Protecting Patagonia: Science, Conservation and the Pre-History of the Nature State on a South American Frontier, 1903-1934

Document Type

Contribution to Books

Publication Date

2017

Abstract

Between 1903 and 1934, Argentina and Chile became two of the earliest countries in Latin America and the world to create national parks. Federal governments created these parks in the transnational cultural and ecological southern region of Patagonia, a place that still today holds the largest conservation areas in either nation. The landscape here is temperate, windswept and stark. Jagged and glaciated peaks, a southern extension of the Andean range, form a north to south spine that gives way to steppes and drylands to the east and thick forests and fjords to the west.
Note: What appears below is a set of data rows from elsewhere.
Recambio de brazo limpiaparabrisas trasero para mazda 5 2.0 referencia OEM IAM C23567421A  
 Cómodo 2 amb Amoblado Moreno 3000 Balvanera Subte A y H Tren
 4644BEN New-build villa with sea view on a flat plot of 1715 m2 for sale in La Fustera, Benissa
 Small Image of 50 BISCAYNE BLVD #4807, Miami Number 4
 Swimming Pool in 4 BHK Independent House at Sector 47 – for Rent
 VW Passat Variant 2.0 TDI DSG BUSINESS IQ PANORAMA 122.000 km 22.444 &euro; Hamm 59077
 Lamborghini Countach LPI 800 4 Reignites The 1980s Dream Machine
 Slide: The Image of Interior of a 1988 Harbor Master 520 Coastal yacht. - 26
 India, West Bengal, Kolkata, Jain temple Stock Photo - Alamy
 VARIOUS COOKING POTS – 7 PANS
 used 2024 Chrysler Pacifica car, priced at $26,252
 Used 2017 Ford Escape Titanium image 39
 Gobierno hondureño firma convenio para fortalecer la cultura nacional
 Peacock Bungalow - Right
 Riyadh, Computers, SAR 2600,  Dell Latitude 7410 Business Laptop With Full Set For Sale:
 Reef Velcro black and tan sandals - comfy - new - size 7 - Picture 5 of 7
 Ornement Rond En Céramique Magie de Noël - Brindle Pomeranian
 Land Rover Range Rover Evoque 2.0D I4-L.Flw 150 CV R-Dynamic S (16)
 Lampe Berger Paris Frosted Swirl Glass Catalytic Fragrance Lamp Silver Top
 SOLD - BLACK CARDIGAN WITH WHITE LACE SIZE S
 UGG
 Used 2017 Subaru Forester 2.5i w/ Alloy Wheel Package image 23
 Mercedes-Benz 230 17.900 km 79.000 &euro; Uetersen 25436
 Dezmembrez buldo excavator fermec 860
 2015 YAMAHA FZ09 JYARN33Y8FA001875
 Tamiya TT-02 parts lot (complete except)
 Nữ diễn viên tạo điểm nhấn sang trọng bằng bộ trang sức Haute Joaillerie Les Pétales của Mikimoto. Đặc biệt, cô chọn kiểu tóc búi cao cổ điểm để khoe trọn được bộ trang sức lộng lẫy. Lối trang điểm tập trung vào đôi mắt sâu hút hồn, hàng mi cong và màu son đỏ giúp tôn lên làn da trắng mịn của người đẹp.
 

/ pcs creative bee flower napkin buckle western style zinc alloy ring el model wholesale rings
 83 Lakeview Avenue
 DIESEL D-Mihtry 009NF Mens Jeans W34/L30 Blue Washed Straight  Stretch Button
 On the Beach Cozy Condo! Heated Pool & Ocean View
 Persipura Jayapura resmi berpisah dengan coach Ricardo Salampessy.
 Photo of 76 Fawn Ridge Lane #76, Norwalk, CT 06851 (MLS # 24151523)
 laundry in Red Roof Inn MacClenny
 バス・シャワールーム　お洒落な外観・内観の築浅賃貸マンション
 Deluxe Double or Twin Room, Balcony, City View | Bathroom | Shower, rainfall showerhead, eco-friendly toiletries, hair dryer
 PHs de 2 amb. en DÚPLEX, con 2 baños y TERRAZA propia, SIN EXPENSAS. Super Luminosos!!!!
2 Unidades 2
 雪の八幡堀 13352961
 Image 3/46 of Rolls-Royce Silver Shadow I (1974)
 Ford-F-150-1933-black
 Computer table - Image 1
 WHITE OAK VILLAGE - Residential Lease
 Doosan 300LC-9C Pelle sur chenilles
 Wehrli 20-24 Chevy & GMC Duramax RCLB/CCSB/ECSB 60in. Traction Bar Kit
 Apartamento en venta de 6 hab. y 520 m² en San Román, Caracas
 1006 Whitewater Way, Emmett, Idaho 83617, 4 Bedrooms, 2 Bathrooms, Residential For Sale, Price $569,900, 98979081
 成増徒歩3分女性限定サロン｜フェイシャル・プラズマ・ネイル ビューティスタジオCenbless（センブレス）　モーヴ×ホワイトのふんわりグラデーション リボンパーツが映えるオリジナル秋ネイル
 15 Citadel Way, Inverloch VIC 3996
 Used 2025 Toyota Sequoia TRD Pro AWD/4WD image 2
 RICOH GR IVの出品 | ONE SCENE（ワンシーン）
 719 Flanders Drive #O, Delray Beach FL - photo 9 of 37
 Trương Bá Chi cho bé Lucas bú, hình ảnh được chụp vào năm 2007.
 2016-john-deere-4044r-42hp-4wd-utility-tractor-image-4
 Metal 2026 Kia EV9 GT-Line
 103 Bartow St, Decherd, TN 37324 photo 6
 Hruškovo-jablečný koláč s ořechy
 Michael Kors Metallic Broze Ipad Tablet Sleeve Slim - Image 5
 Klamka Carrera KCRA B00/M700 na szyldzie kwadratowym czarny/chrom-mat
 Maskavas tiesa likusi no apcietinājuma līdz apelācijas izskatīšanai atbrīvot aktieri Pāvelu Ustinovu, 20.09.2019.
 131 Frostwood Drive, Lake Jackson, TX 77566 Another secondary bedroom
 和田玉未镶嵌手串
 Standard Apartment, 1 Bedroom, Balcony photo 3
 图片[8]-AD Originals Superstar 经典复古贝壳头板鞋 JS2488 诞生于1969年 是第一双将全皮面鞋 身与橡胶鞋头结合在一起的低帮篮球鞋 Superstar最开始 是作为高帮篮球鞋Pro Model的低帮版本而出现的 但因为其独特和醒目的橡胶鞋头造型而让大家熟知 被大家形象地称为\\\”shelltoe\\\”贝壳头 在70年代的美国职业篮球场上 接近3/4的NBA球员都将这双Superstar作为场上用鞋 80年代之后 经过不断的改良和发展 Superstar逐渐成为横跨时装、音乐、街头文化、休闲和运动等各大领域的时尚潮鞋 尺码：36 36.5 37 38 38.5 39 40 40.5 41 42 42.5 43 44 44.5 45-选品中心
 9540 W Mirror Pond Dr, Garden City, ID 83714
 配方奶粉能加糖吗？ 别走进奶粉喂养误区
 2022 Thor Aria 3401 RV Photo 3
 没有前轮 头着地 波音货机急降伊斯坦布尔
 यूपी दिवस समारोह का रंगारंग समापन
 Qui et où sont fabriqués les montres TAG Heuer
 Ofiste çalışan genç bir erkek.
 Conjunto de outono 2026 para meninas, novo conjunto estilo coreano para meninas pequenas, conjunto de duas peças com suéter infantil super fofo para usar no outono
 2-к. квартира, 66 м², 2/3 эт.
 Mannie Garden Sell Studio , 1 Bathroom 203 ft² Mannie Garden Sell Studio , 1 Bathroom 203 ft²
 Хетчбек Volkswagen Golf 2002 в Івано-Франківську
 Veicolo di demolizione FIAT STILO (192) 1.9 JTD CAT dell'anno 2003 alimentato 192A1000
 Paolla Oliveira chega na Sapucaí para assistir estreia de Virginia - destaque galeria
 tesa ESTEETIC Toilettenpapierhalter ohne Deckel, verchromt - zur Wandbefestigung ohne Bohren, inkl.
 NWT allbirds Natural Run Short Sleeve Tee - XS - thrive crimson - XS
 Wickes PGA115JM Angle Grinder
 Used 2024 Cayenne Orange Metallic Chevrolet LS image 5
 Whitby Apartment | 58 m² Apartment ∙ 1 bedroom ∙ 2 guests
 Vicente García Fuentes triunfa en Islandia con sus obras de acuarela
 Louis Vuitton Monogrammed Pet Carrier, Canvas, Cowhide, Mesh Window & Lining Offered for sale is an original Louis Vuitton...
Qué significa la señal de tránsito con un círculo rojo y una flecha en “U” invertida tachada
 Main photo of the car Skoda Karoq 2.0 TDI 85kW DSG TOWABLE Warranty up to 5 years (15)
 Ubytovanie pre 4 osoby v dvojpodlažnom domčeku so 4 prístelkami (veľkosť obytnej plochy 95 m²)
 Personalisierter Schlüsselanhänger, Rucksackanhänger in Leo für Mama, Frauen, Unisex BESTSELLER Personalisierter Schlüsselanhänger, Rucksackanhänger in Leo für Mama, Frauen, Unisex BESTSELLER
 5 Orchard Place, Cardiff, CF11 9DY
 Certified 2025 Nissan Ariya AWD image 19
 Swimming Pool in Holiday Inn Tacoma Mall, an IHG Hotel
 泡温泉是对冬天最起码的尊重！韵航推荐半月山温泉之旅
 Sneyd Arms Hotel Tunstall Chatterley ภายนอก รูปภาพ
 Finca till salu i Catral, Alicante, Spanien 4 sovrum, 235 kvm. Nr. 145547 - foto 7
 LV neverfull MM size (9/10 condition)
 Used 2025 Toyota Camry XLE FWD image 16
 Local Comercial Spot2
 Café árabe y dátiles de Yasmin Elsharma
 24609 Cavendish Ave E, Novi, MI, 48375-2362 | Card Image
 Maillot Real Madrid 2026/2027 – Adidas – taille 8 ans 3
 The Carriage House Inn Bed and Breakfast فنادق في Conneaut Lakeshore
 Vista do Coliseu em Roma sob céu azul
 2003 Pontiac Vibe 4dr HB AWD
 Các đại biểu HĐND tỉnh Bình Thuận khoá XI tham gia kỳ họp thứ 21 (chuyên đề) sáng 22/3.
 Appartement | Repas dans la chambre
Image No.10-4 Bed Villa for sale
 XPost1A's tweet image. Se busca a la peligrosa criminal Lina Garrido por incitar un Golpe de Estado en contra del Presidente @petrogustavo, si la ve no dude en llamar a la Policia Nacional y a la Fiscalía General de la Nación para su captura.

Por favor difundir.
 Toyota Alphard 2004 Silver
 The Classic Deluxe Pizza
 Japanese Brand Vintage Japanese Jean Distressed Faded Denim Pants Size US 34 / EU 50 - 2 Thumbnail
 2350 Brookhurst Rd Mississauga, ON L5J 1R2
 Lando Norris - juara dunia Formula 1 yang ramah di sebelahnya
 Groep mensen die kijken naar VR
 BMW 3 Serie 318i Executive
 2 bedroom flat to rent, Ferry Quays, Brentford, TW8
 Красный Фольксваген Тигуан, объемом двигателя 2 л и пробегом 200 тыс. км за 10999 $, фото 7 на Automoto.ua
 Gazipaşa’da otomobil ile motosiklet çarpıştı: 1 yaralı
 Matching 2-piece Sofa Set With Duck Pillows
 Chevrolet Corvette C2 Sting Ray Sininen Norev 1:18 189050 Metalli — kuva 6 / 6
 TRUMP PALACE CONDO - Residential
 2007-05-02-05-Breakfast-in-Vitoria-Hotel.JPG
The entire region, stretching southward from roughly the Río Biobío in Chile and the Río Colorado in Argentina to the shared island of Tierra del Fuego, is about three times the size of Italy (about 400,000 square miles) and today has fewer than two million inhabitants. The emergence of national parks in Patagonia is related to at least two factors: the growth of state institutions and the existence of frontier territories. State institutions included the emergence of scientific societies (funded in part by the state), the passage of federal laws and the development of governmental agencies to manage nature in place. Combined, these created the social and institutional infrastructure required to design, support and administer national parks. Importantly, despite the similar national contexts, the constitution of these state institutions reflected distinct national priorities.

Comments

The Nature State: Rethinking the History of Conservation is a volume of the Routledge Environmental Humanities series.